鈴木伸治の徒然記

永年の牧師、園長を隠退し、思い出と共に現況を綴ります

隠退牧師の徒然記<291>

隠退牧師の徒然記(2013年7月20日〜)<291>
2014年10月6日「泳ぐ世界の水しぶき…」


聖書の言葉
すると、ペトロが答えた。「主よ、あなたでしたら、わたしに命令して、水の上を歩いてそちらに行かせてください」。イエスが「来なさい」と言われたので、ペトロは船から降りて水の上を歩き、イエスの方へ進んだ。しかし、強い風に気がついて怖くなり、沈みかけたので、「主よ、助けてください」と叫んだ。イエスはすぐに手を伸ばして捕まえ、「信仰の薄い者よ、なぜ疑ったのか」と言われた。
(マタイによる福音書14章28-31節)



 キリスト教はクリスマス、イースターペンテコステと三大祝祭日を中心にしながら歩んでいる。これらは聖書に示される信仰の内容であるが、キリスト教の暦の中には生活上の事柄を内容とする記念日がある。「信教の自由を守る日」、「世界祈祷日」、「母の日」、「平和聖日」、「聖徒の日」、「収穫感謝日」等である。三大祝祭日と共に、これらの日を迎えては、それぞれの意義を示されつつ過ごすのである。ところで、これらの記念集会の中には「世界聖餐日」がある。10月の第一主日をその日としている。各教会では聖餐式を大切にしながら歩んでいるが、世界の人々が同じ日に聖餐式に与ること、まさに平和への祈りなのである。聖餐式こそ人々を主の御心に戻すものであり、そういう意味でも、教団総会でも教区総会でも聖餐式を執行している。
 実は、その「世界聖餐日」は私の信仰の出発点なのである。私が洗礼を受けた10月6日は世界聖餐日であった。

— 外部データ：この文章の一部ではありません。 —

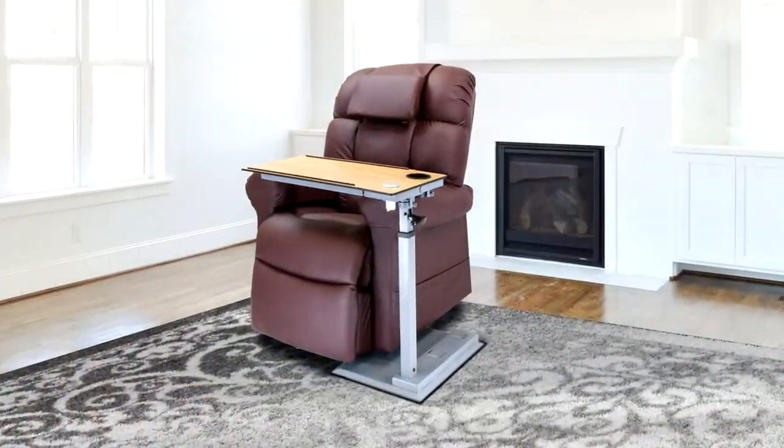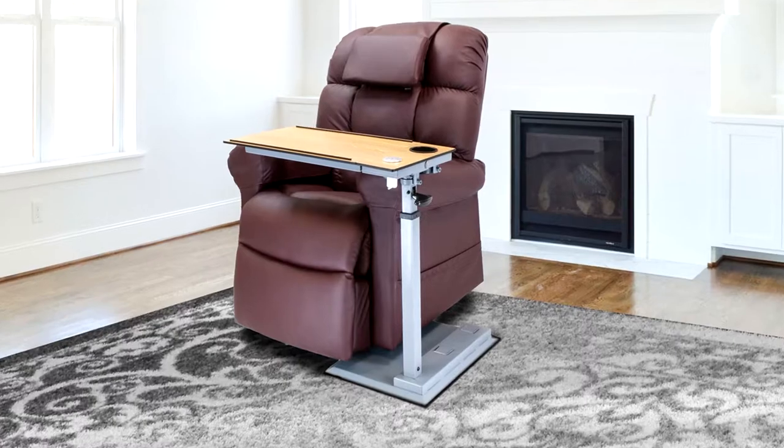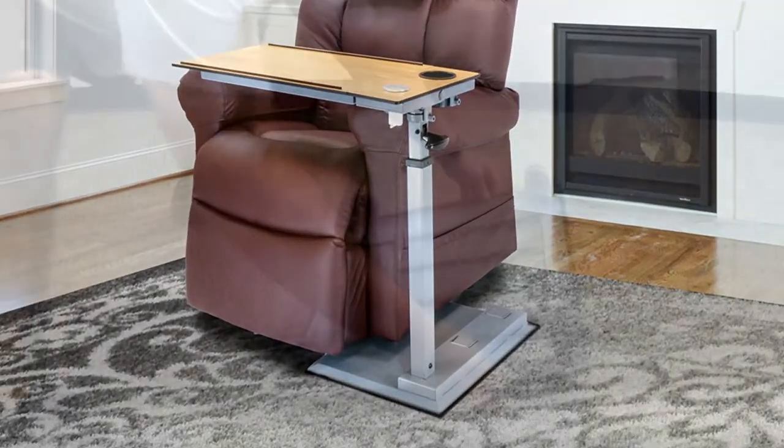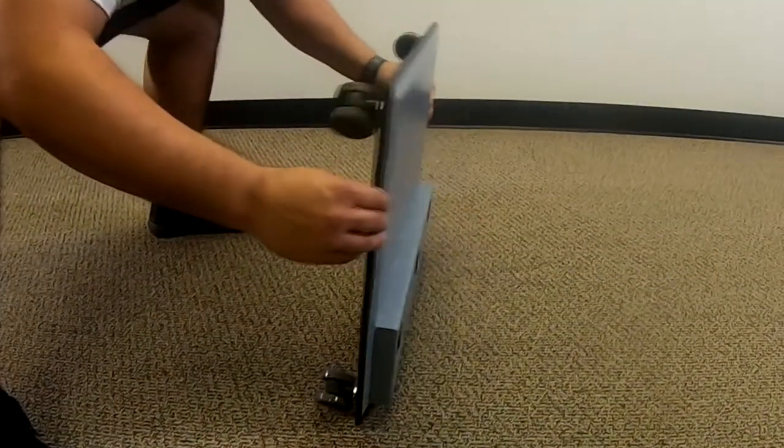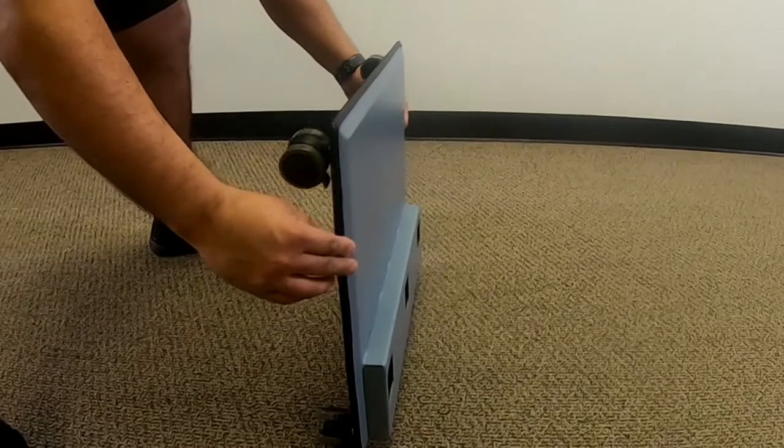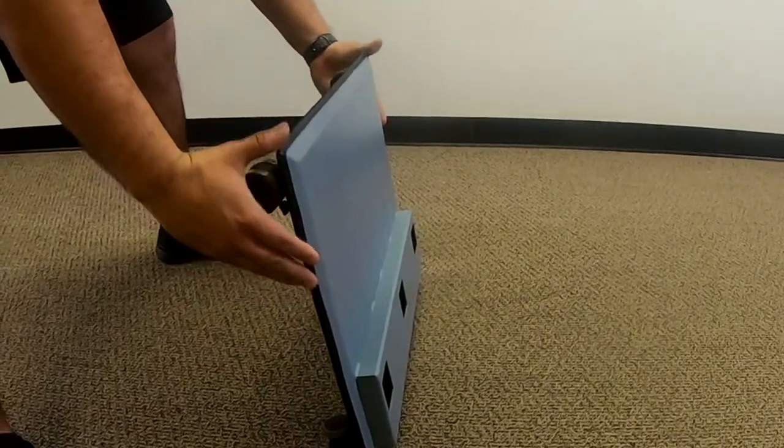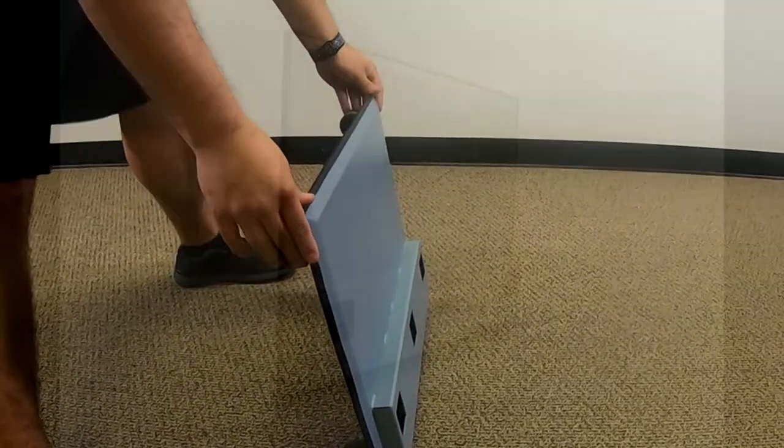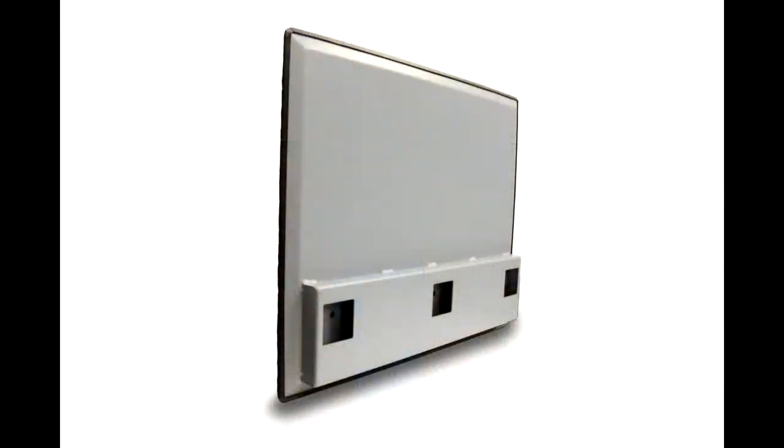Now it's time to install the column. Stand the base on its side with the column positions along the floor. The Wiselift table has three position options. If you have installed the casters, the center column position is used for maximum stability.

今年は昨日の10月5日が世界聖餐日であったが、1957年は10月6日が世界聖餐日であった。普通、洗礼を受けるのは三大祝祭日の場合が多い。もちろん祝祭日に関係のない普通の日に洗礼を受けた人もある。しかし、洗礼を受ける場合、祝祭日に合わせることが多いのである。例えば、クリスマスに洗礼を受けるということは、イエス様が世をお救いになるためにお生まれになったのであり、そのイエス様のお救いに与りながら洗礼を受けるのである。イースターにしてもペンテコステにしても、その様な救いの意義があっての洗礼式でもある。それに対して「世界聖餐日」に洗礼をうけた私は、どのような意味があったのであろうか。はっきり言えば何もない。洗礼を決心したのは8月であり、12月のクリスマスまでは間があるので、10月の世界聖餐日にしましょうということになったのである。従って、私が世界聖餐日に洗礼をうけた意義というものは、その後の思いにおいて、とても大事な時であると思うようになっているのである。
 それでは、世界聖餐日に洗礼をうける意義など何にも考えないで決心した、そのあたりの出来事を振り返っておこう。私が洗礼を受けたのは高校三年生であった。小学校の頃は関東学院教会の日曜学校に通っていたが、中学になってから、二人の姉が出席していた清水ヶ丘教会に出席するようになる。長姉・美喜子さんの弟さん、次姉・清子さんの弟さんということで、教会の皆さんから可愛がられて教会生活が導かれたのである。高校生になっていたが、青年会の活動にも参加していた。ハイキングに参加したり、修養会にも姉たちと共に参加するのであった。高校三年生の夏、青年会の修養会が逗子海岸の近くの会場で開催される。お楽しみは海水浴である。水泳の時間、皆さんで泳いでいるつもりが、気が付くと牧師の倉持芳雄先生の二人だけで泳いでいるのである。他の皆さんは浜辺で遊んでいる。それで浜辺を目指すのであるが、私は思わぬことを口にしていた。牧師に向かい、「洗礼を受けたいのです」と告白していたのである。この泳ぎながらの洗礼志願告白を倉持芳雄牧師は喜んでくださり、12月のクリスマスまでは間があるので、10月第一日曜日の「世界聖餐日」に洗礼式執行となったのである。
 この珍しい洗礼志願告白は倉持先生の強烈な印象になったようである。洗礼式当日の説教では長々と泳ぎながらの洗礼志願告白を紹介する。その後、神学校日に神学生として講壇に立たせられたが、そのときも泳ぎながらの洗礼志願告白が紹介される。まだまだ続くのは婚約式の時にも、結婚式の時にも泳ぎながらの…、が紹介されるのであった。このように倉持牧師の私の洗礼志願告白の受け止め方に対して、その後、私自身がその日の意義を示されるようになったのである。「世界聖餐日」が私の信仰の出発点となったこと、その日は聖餐式によって人々が一つに導かれること、聖餐式は一生の信仰の基となること、いろいろな意義を示されつつこの日を受け止めるようになっている。出発点が「泳ぎながらの洗礼志願告白」であったが、人生を水泳にたとえることは聞いたことがないにしても、ある場合には「水しぶきを上げて泳ぎ」、ある場合には「立ち泳ぎ」でいるときもある。いろいろな泳ぎ方があったが、今はプールサイドに腰かけている心境であろうか。



洗礼を受けた高校3年生の頃。
清水ヶ丘教会の昔に開設していたミッション診療所玄関にて。



2013年3月からクアラルンプール日本語キリスト者集会の
ボランティア牧師として三ヶ月間赴く。
常夏の国であるが、プールには二回しか入らない。